Sarah Parker   —   29 March 2010   —   Creative & Design

Wave Crop Art

Rice-paddy art was started in the Aomori village of Inakadate, 600 miles north of Toyko in 1993 as a local revitalization project, an idea that grew out of meetings of the village committee.

In the first nine years, the village office workers and local farmers grew a design of Mount Iwaki every year.

But their ideas grew more complicated and attracted more attention. In 2005 agreements between landowners allowed the creation of enormous rice paddy art.

A year later, organisers used computers to precisely plot planting of the four differently colored rice varieties that bring the images to life.

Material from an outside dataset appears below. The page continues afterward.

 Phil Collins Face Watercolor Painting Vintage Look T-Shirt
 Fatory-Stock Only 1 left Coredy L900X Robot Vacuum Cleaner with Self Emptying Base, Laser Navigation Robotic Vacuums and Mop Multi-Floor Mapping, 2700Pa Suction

The farmers create the murals by planting little purple and yellow-leafed kodaimai rice along with their local green-leafed tsugaru roman variety to create the coloured patterns between planting and harvesting in September.

The village has now earned a reputation for its agricultural artistry and this year the enormous pictures of Napoleon and a Sengoku-period warrior, both on horseback, are visible in a pair of fields adjacent to the town hall.

Horse riding crop art

More than 150,000 vistors come to Inakadate, where just 8,700 people live, every summer to see the extraordinary murals.

The murals in Inakadate cover 15,000 square metres of paddy fields. From ground level, the designs are invisible, and viewers have to climb the mock castle tower of the village office to get a glimpse of the work.